Consegui ver o jardim lá em baixo. Vi o meu marido, Marcos, a empurrar a Laura para fora da porta das traseiras, para a segurança do relvado.
Ele olhou para cima, os nossos olhos encontraram-se por um segundo através do fumo e do vidro.
Vi pânico no rosto dele. Mas ele não se moveu na minha direção.
Ele agarrou o braço da Laura, que estava a tossir dramaticamente, e afastou-a mais da casa.
"Fica aqui, não te mexas!", gritou ele para ela.
Depois, virou-se e correu de volta para a casa em chamas.
Um alívio inundou-me. Ele vinha buscar-me. Ele não me tinha esquecido.
Esperei, a tossir, os olhos a arder. Cada segundo parecia uma eternidade.
Então, ele emergiu novamente das chamas.
Sozinho.
Nas suas mãos, ele não me trazia. Ele carregava a caixa de joias antiga da sua mãe e um álbum de fotografias.
Ele colocou os objetos preciosos ao lado da Laura, que agora chorava nos braços da minha sogra, que tinha aparecido a correr da casa de hóspedes.
Ele nem sequer olhou para cima outra vez.

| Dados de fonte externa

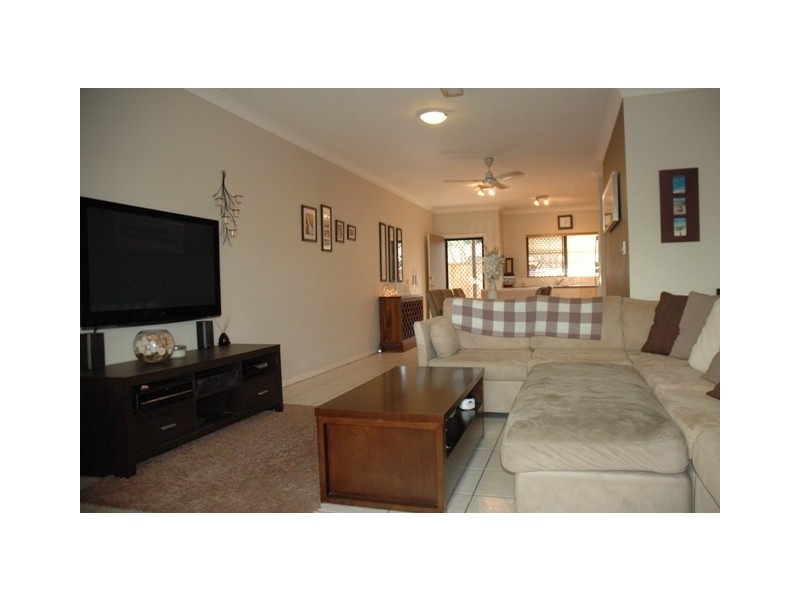 1/14-16 Short Street, Redlynch QLD 4870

Foi nesse momento que o som das sirenes se tornou mais alto. Os bombeiros estavam a chegar.
Foi também nesse momento que eu percebi.
Ele não ia voltar por mim.
Ele salvou a Laura, salvou as memórias da sua família.
E deixou a sua mulher grávida para morrer.
O mundo começou a ficar escuro. A última coisa que ouvi antes de desmaiar foi o som de vidro a partir-se.